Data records
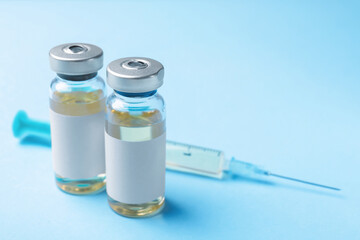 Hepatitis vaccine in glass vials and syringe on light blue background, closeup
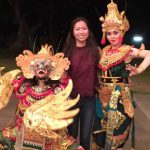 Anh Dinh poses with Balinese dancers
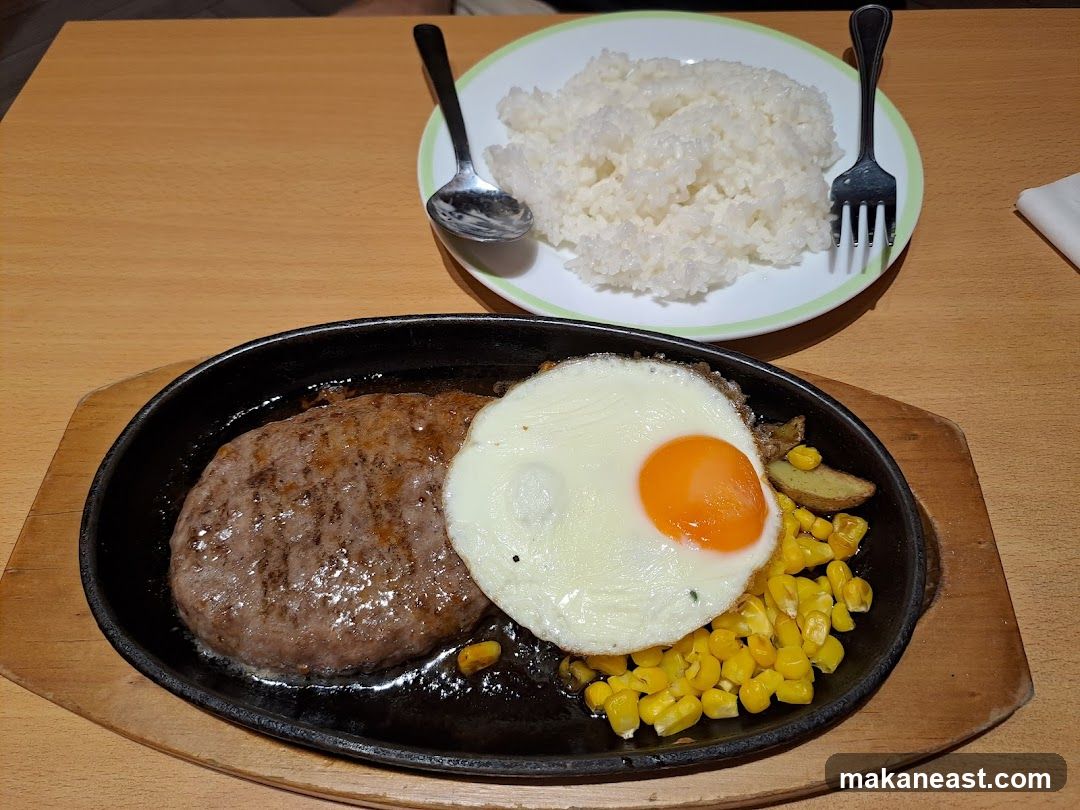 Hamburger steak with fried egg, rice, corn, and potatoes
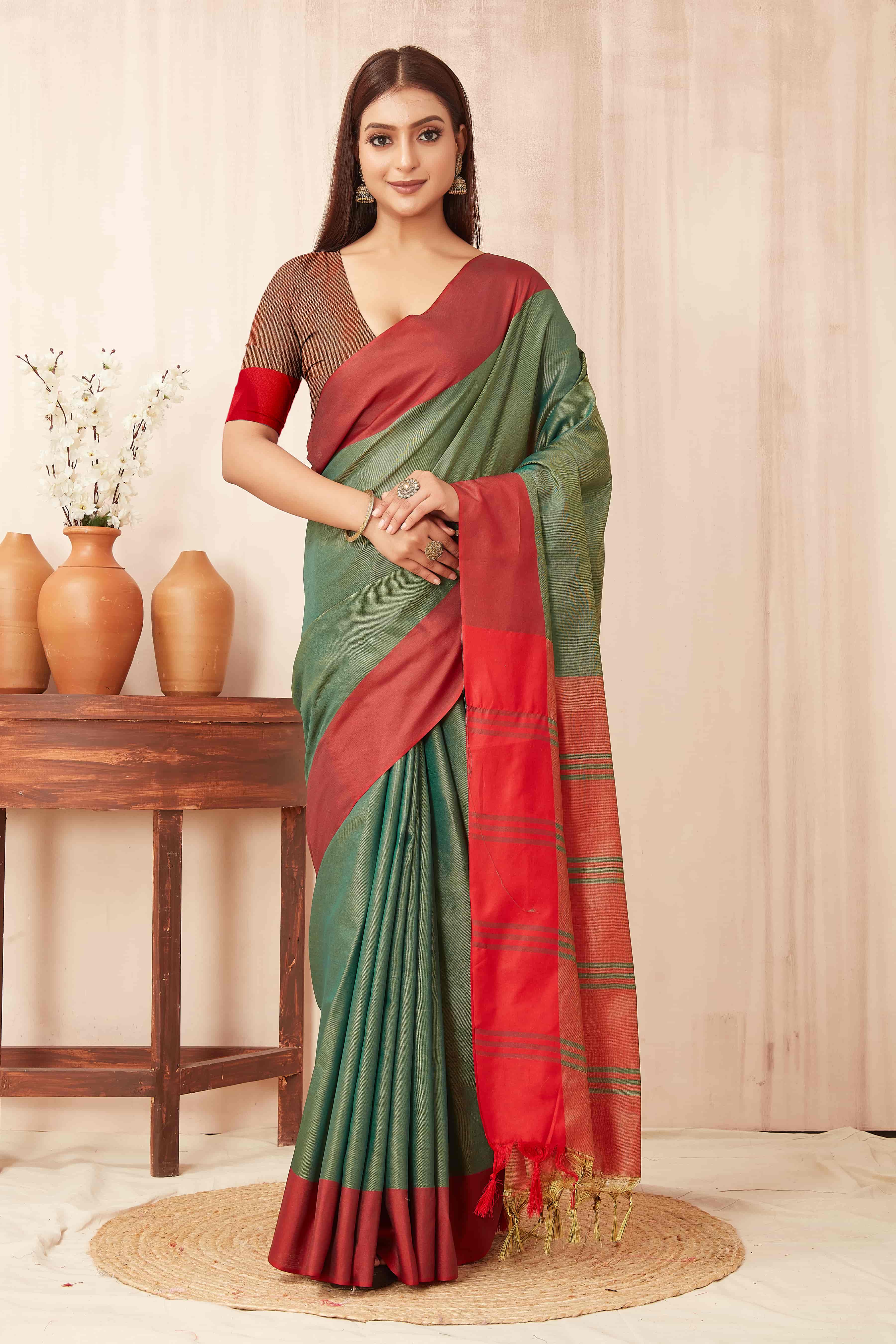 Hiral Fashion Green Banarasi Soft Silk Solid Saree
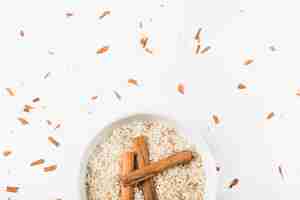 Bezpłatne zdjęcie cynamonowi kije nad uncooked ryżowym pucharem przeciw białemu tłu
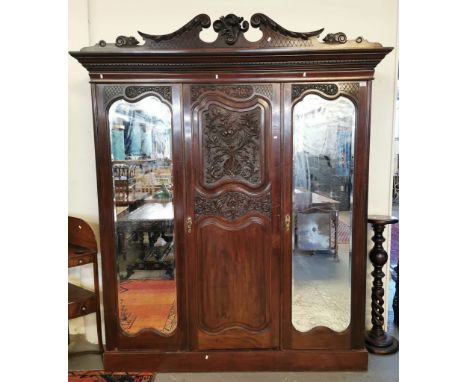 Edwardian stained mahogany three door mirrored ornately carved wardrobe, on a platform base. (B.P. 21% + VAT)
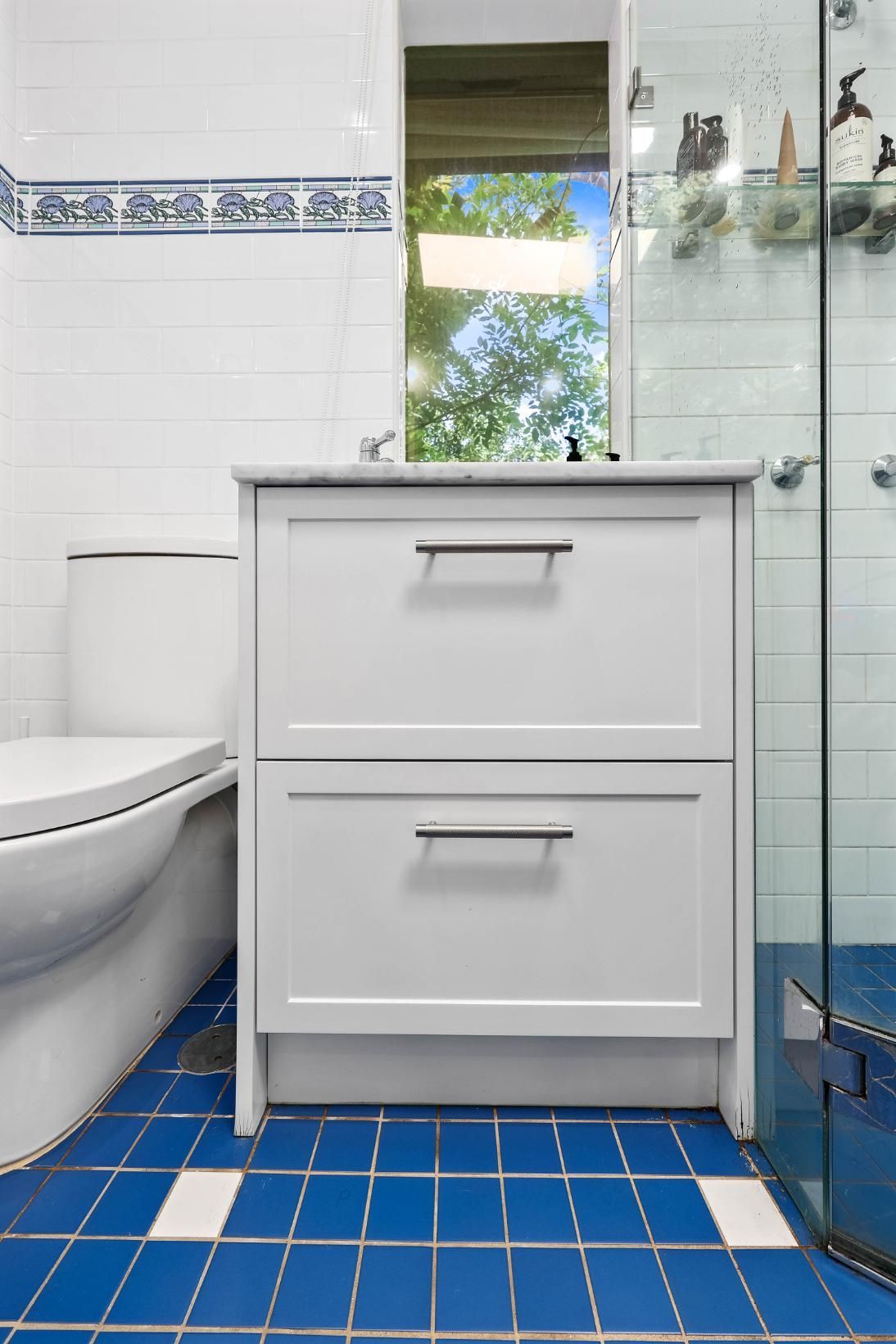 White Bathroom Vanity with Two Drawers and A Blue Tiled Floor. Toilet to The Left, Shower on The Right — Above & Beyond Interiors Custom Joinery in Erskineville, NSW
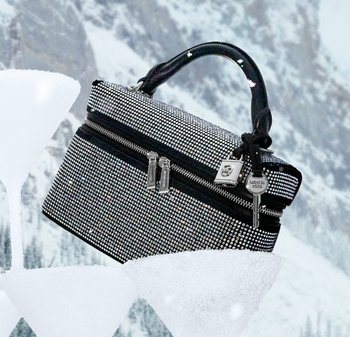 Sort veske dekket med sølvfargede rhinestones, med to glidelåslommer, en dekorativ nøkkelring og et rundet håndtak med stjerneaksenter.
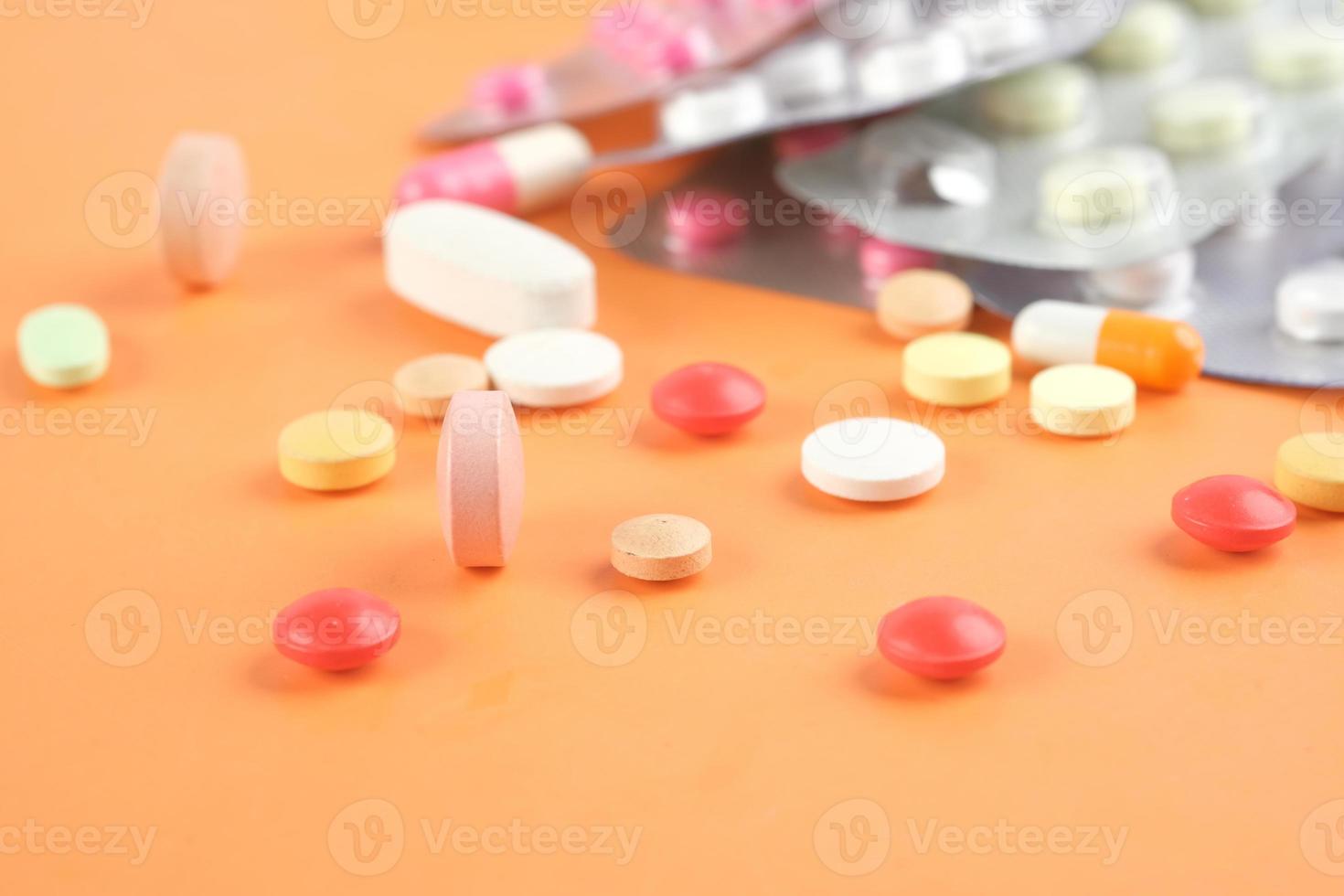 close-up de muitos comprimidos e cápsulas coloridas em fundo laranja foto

TASK DESCRIPTION ::
What is needed is an exact copy of every entry, with the pictures removed.

RESULT FOR THIS EXERCISE ::
 Hepatitis vaccine in glass vials and syringe on light blue background, closeup
 Anh Dinh poses with Balinese dancers
 Hamburger steak with fried egg, rice, corn, and potatoes
 Hiral Fashion Green Banarasi Soft Silk Solid Saree
 Bezpłatne zdjęcie cynamonowi kije nad uncooked ryżowym pucharem przeciw białemu tłu
 Edwardian stained mahogany three door mirrored ornately carved wardrobe, on a platform base. (B.P. 21% + VAT)
 White Bathroom Vanity with Two Drawers and A Blue Tiled Floor. Toilet to The Left, Shower on The Right — Above & Beyond Interiors Custom Joinery in Erskineville, NSW
 Sort veske dekket med sølvfargede rhinestones, med to glidelåslommer, en dekorativ nøkkelring og et rundet håndtak med stjerneaksenter.
 close-up de muitos comprimidos e cápsulas coloridas em fundo laranja foto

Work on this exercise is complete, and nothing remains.